HOW TO COMPLETE THIS TASK:
Only the lines below from the one containing "Casa à venda, 276,33" through the one containing "Caja octogonal china" belong in the answer, set down exactly, with the pictures left out.

EXERCISE MATERIALS:
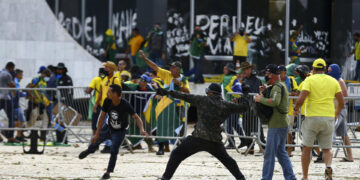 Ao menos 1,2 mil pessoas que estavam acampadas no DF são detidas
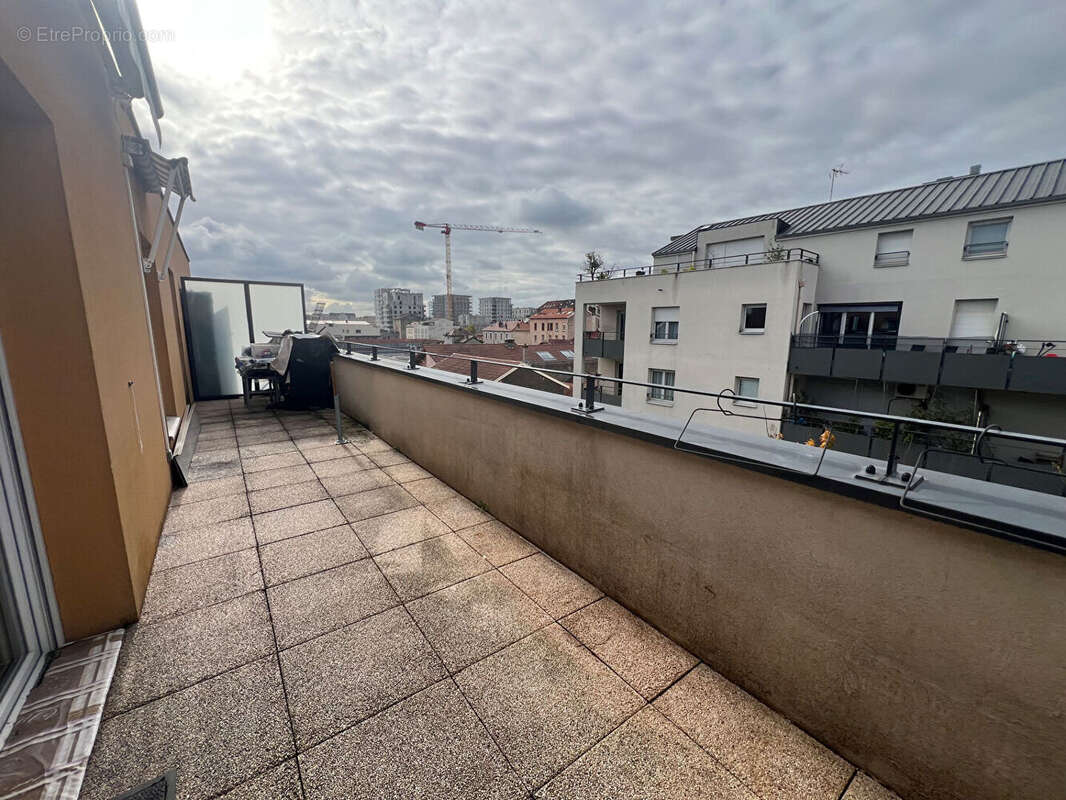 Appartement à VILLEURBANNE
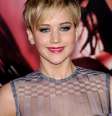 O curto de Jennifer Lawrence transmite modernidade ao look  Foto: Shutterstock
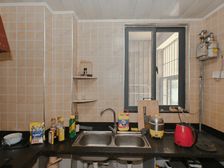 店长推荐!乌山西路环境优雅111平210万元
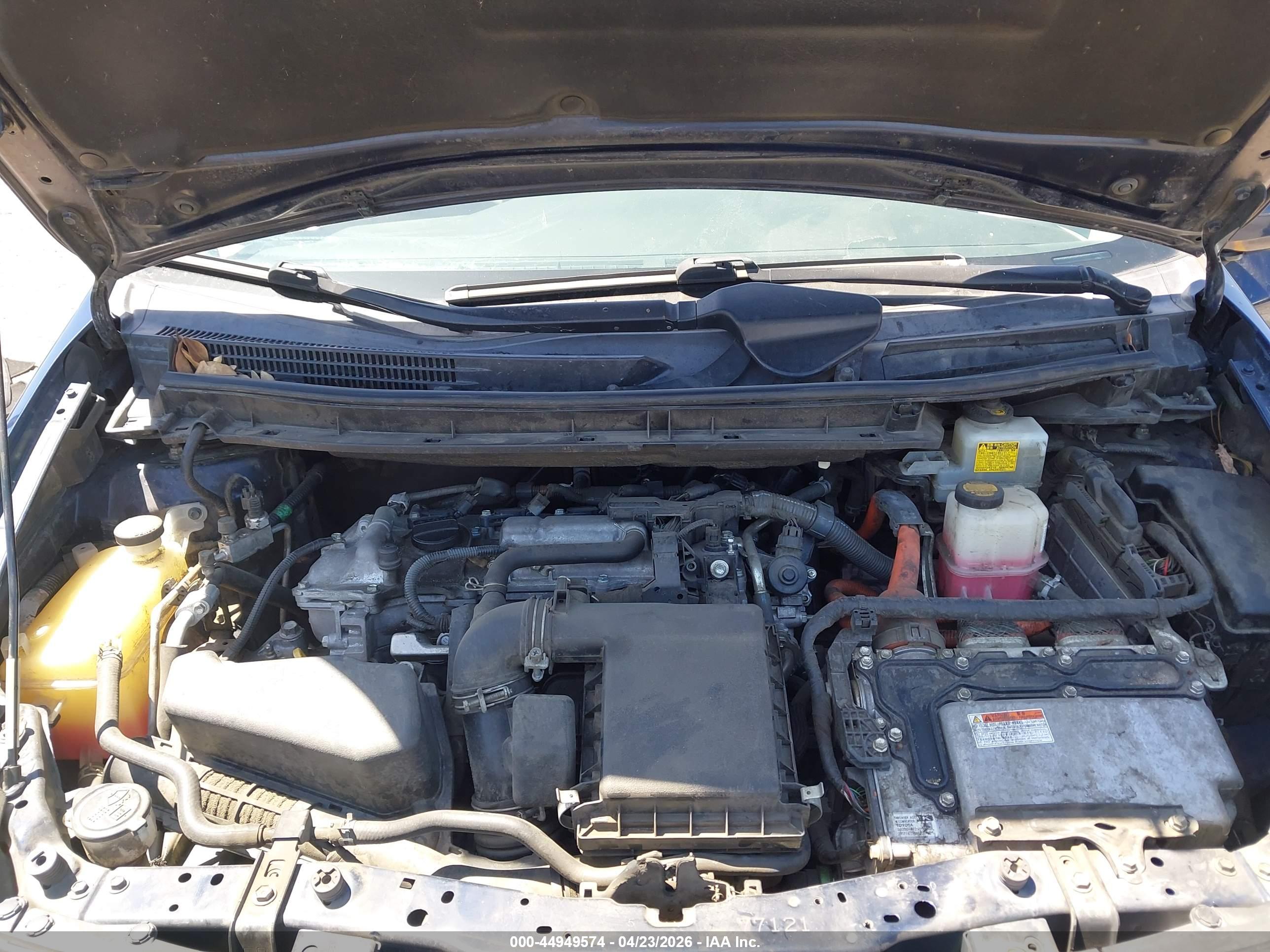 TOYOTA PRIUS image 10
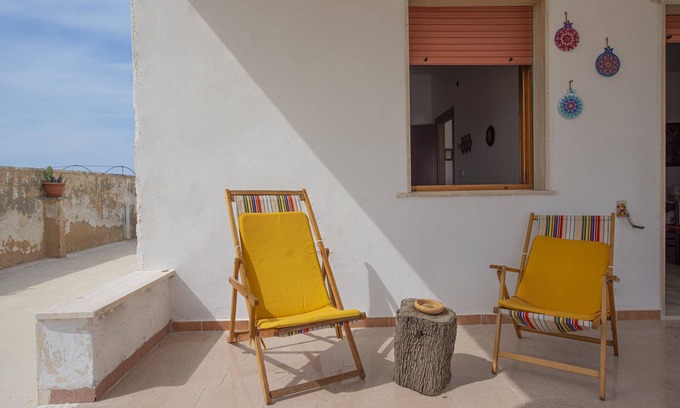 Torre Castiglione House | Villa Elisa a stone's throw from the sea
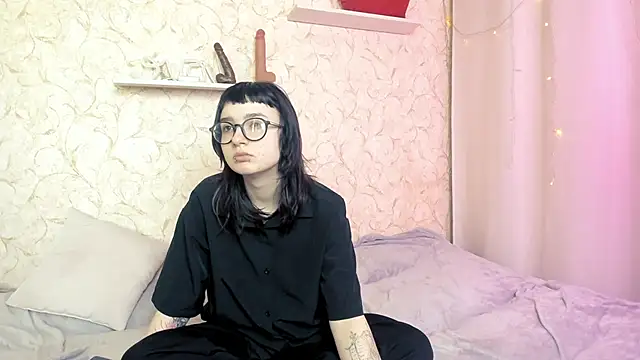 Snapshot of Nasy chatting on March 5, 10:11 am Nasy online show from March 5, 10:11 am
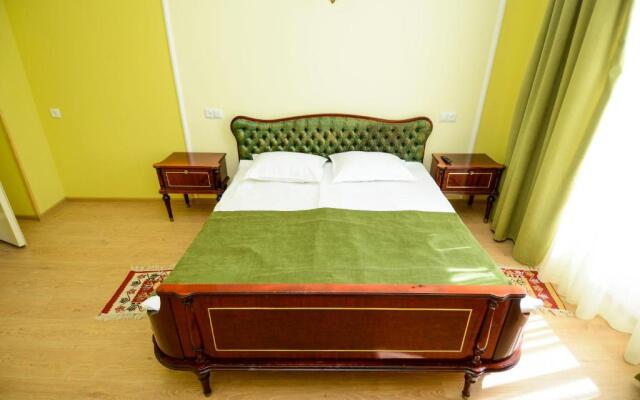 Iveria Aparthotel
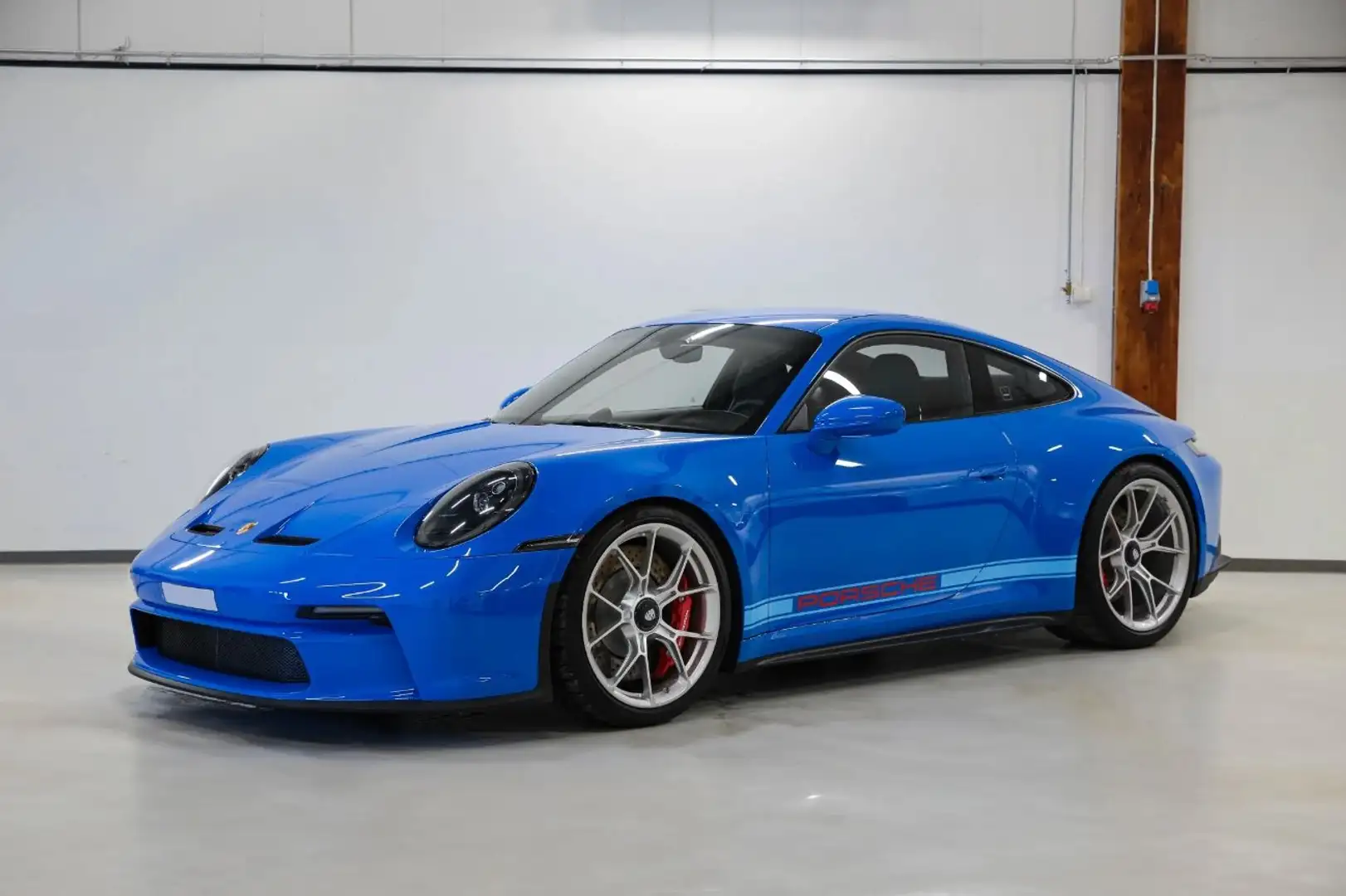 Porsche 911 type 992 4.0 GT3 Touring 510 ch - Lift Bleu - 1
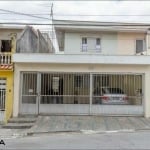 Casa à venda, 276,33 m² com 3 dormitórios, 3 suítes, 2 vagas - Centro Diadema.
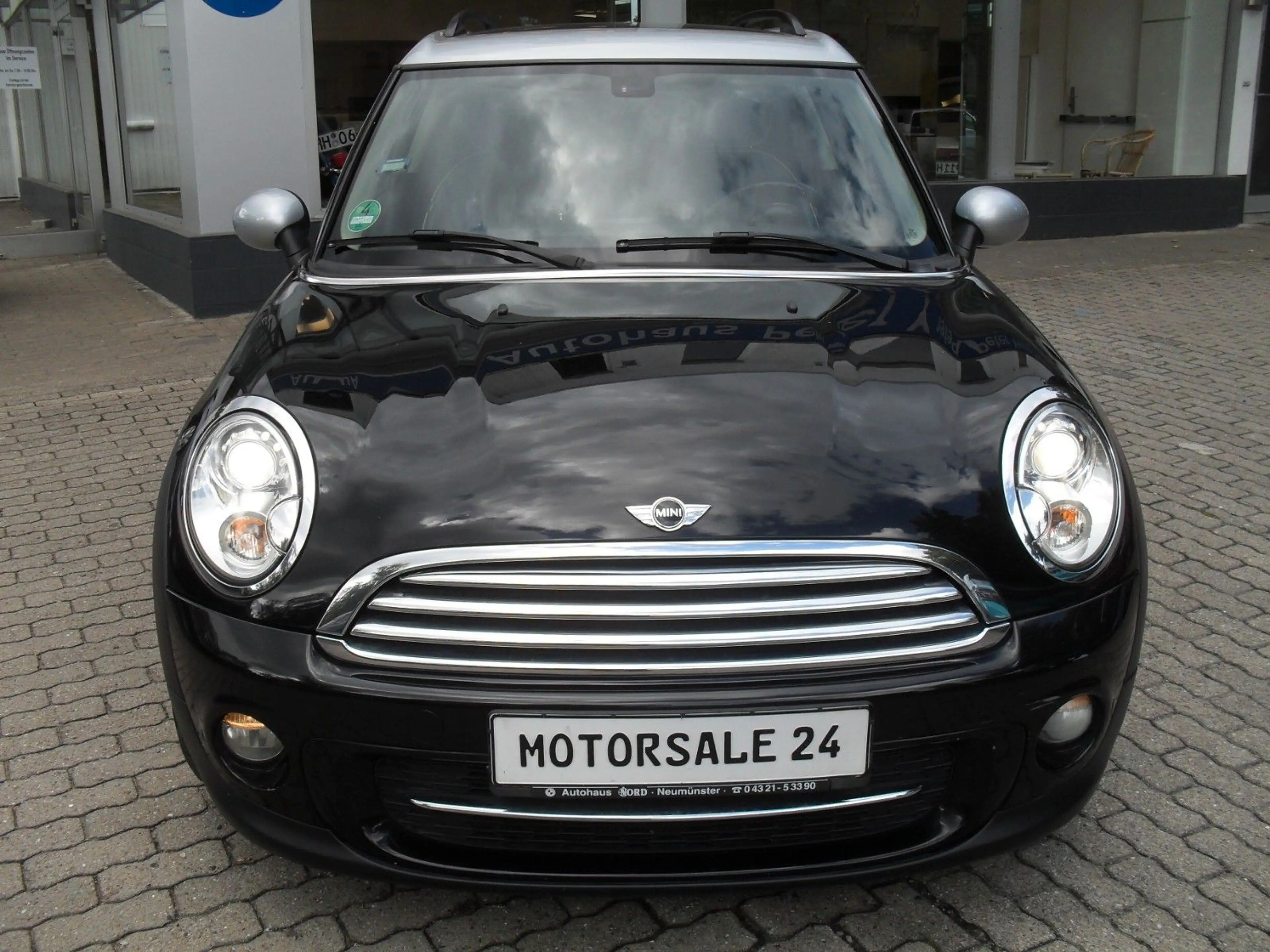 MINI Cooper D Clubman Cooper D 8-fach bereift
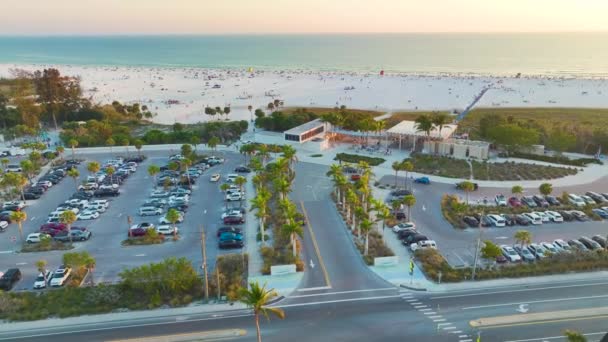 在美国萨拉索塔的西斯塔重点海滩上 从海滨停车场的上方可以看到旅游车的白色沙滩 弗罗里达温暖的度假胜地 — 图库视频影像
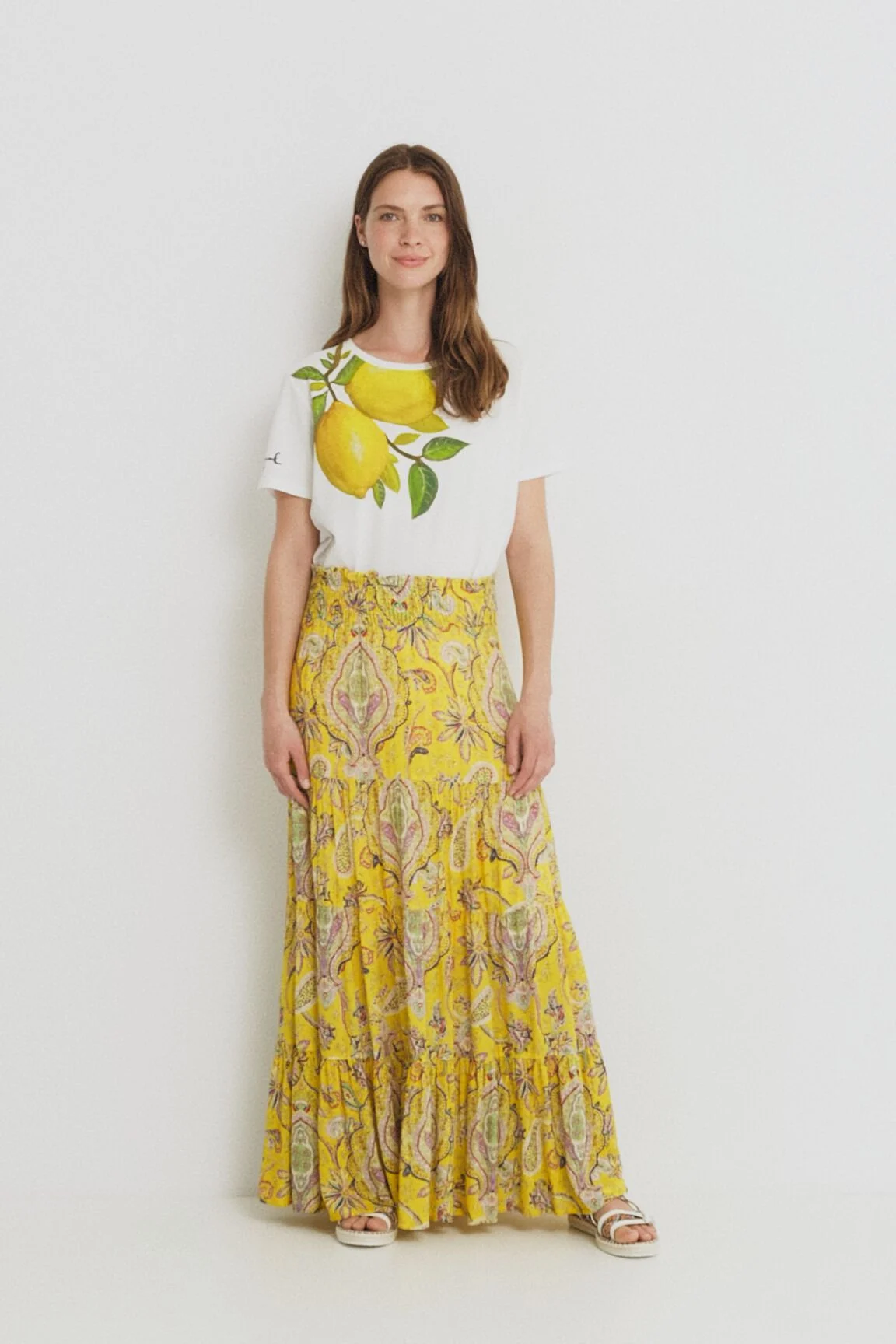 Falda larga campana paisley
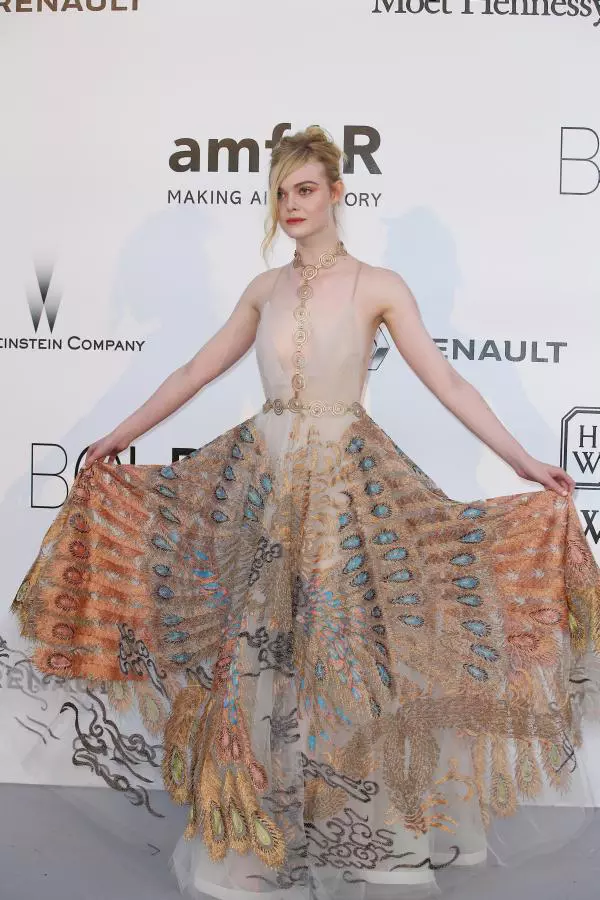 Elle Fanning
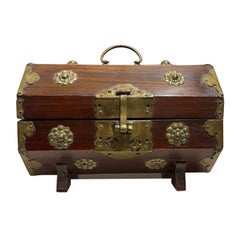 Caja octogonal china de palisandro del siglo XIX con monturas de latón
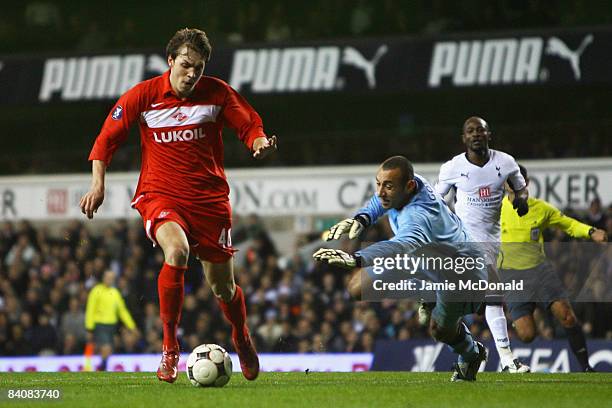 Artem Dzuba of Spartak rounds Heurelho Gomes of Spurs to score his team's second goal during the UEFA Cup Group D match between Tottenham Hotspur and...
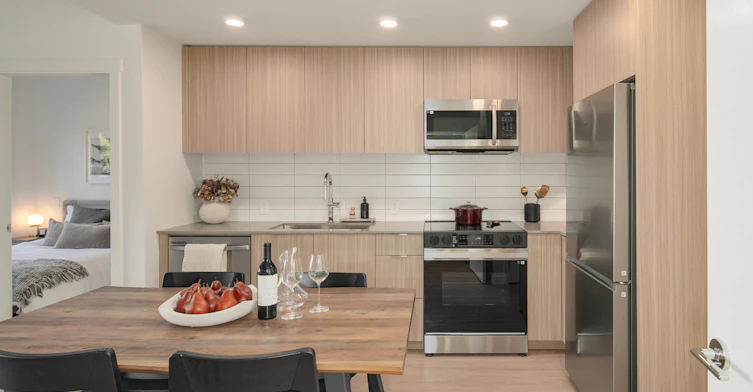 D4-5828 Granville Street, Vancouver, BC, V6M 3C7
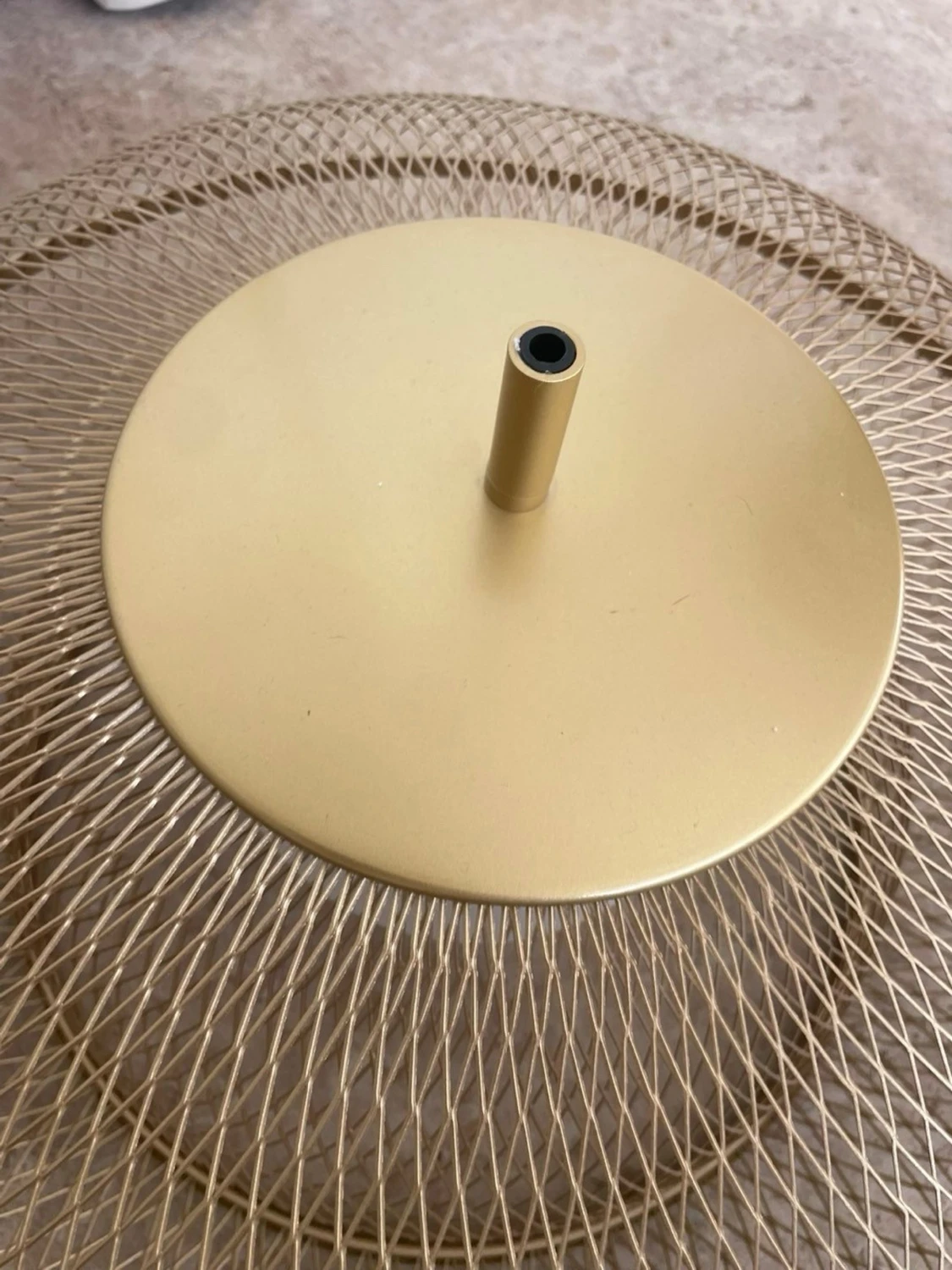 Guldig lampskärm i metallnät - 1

SOLUTION:
 Casa à venda, 276,33 m² com 3 dormitórios, 3 suítes, 2 vagas - Centro Diadema.
 MINI Cooper D Clubman Cooper D 8-fach bereift
 在美国萨拉索塔的西斯塔重点海滩上 从海滨停车场的上方可以看到旅游车的白色沙滩 弗罗里达温暖的度假胜地 — 图库视频影像
 Falda larga campana paisley
 Elle Fanning
 Caja octogonal china de palisandro del siglo XIX con monturas de latón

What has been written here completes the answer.